Wyrd Britain reviews 'Orlam' by P.J. Harvey.
P.J. Harvey
Picador Poetry

Nine-year-old Ira-Abel Rawles lives on Hook Farm in the village of UNDERWHELEM. Next to the farm is Gore Woods, Ira’s sanctuary, overseen by Orlam, the all-seeing lamb’s eyeball who is Ira-Abel’s guardian and protector.

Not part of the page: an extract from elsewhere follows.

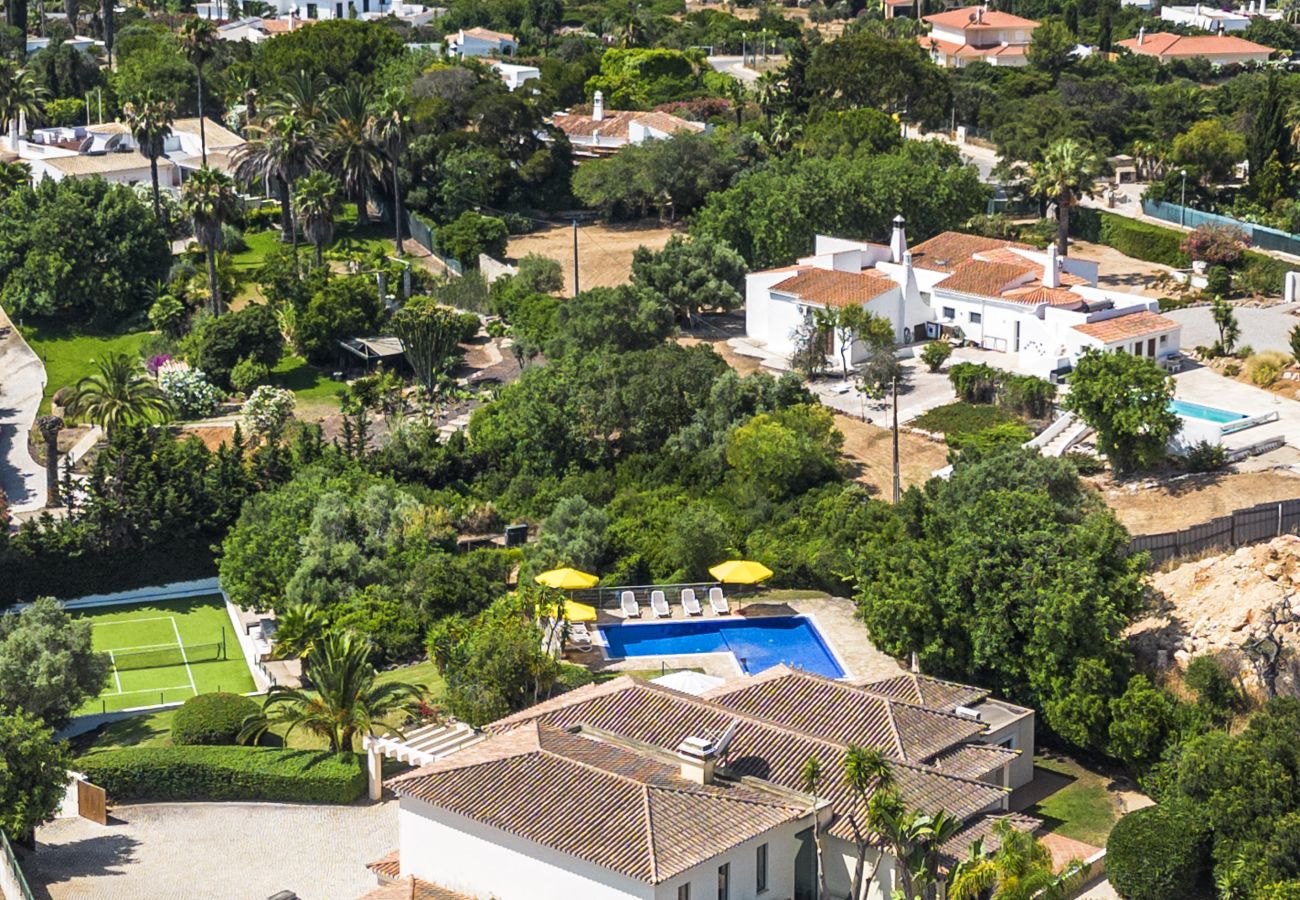 Villa in Carvoeiro - Casa Pondiki - Large villa with private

Here, drawing on the rituals, children’s songs, chants and superstitions of the rural West Country of England, Ira-Abel creates the twin realm through which she can make sense of an increasingly confusing and frightening world.

Orlam tells of a year in the life of Ira-Abel Rawles and her home of Hook Farm in the village of Underwhelem.  In the nearby Gore Woods Ira meets her own personal deity, the bleeding ghost of a soldier callled Wyman-Elvis, and finds sanctuary in her own ritual world.

Written in Harvey's native Dorset dialect - crucially with each poem also presented alongside it's modern English translation - this is a bold and bedevilling journey through a deliciously dark melange of the magical logic of chidhood and its associated rituals along with the often dark realities of growing up, of life on the cusp of adulthood, all fed through the filter of an early post-modern  1970s rural childhood where the familiar, the exotic, the profane and the perverse all come together into a dark and delirious masterpiece of rural horror.